В соответствии с глубоко укорененной в западноевропейской прозе традицией слово всегда играло главенствующую роль, когда речь шла о тайной власти и о чудесах. У Джона Рональда Руэла Толкина во «Властелине Колец» базовыми для написания и произнесения заклинаний являются язык древних эльфов и наречия, созданные на его основе. Дверь в Морию открывается при помощи единственного эльфийского слова «друг», а когда хоббит Фродо пытается разобрать надпись на Кольце Всевластия, волшебник Гендальф избегает слов, произнесенных на языке Мордора и цитирует безопасный вариант на человеческом наречии. Этот закон, увиденный Толкином в народных суевериях, как нельзя лучше иллюстрирует, с каким пиететом люди древности относились к слову изреченному.
В цикле «Земноморье» Урсулы Ле Гуин магия основывается на Истинной речи, первозданной лексике, при помощи которой творился мир. Согласно Ле Гуин у каждого предмета есть свое истинное имя — секретный код, при помощи которого можно воздействовать на реальность.
В цикле «Эления» Дэвида Эддингса древний народ стирики боится читать человеческие книги, утверждая, что чтение написанных слов может лишить их магического дара.
* * *
Интересное решение для словесной магии предложил российский фантаст Сергей Лукьяненко. В своем цикле о юном волшебнике Триксе Солье автор строит магическую систему на фразах, теряющих свою силу по мере многократного употребления. Они буквально убеждают бытие в своей правоте, заставляя мир изменяться. Для того чтобы получить простейшие вещи, магам приходится изрядно попотеть, изобретая все более сложные и витиеватые словесные конструкции: «…Щавель склонился над столом, карандаш забегал по листку, яростно вычеркивая и исправляя: — Подряд, в соседних строчках, „пот проступать“ и „тревога проступала“. Отвратительно! Школярская, непростительная ошибка! Ну, какого демона привлечет такой текст?…».
Очевидная аллюзия на пишущую братию в магической реальности выглядит, однако, вполне гармонично. Ведь если принять на веру озвученный выше постулат «мир есть текст», то проблемы волшебников будут во многом сходны с проблемами литераторов. Разница только в цели: смастерить заклинание покруче или поразить сердца читателей очередной нетленной фразой.

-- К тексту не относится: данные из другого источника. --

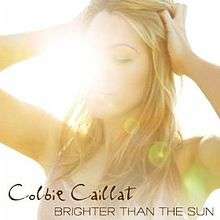 The sun takes over Calliat's face as she grabs her hair.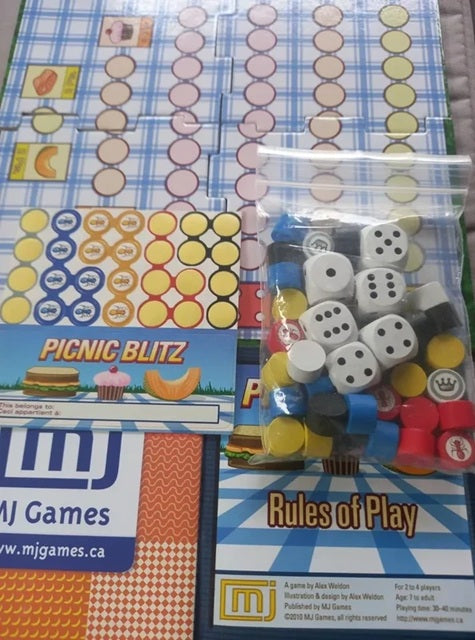 Board game components including dice and rules sheet on a colorful mat with MJ Games branding.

Задолго до Лукьяненко к теме изреченного бытия обращался Евгений Лукин. В блестящем рассказе «Словесники» (1996) писатель продемонстрировал мир, где любое пожелание немедленно исполняется. Используя в качестве декораций подобие российской глубинки, приземлив героическое и таинственное до простого и бытового, Лукин шагнул в сторону от магистрального направления фэнтезийных текстов, открывая возможность для экспериментов с нашим родным миром.
Хорошую возможность для литературных ристаний предоставляет повесть Теда Чана «72 буквы». Фантастическое допущение у Чана связано с алхимическими и каббалическими традициями, интегрированными в современность. В альтернативной вселенной, созданной американским фантастом, религиозно-философские выкладки являются аксиомами, формирующими объективную реальность. Что тут скажешь: слова, придающие жизнь косной материи, со времен рэбе Лёва будоражат человеческое воображение.
Эффект достоверности в повести достигается еще и тем, что Чан весьма подробно описывает процессы создания големов, гомункулов и прочих алхимических див. Причем в промышленных масштабах. Грамотно организованная образная подача, сочетающая в себе классические фэнтезийные схемы и черты реального мира, автоматически переносит произведения на земли жанрового фронтира. Опираясь на внушительную научную базу в области лингвистики, писатель создает целую теорию имен власти. В соответствии с этой альтернативной доктриной труды средневековых магов и алхимиков занимают место учебников по элементарной физике и роботехнике, а свершения современных чародеев-словоблудов удивительно похожи на достижения прогрессивной науки нашего мира.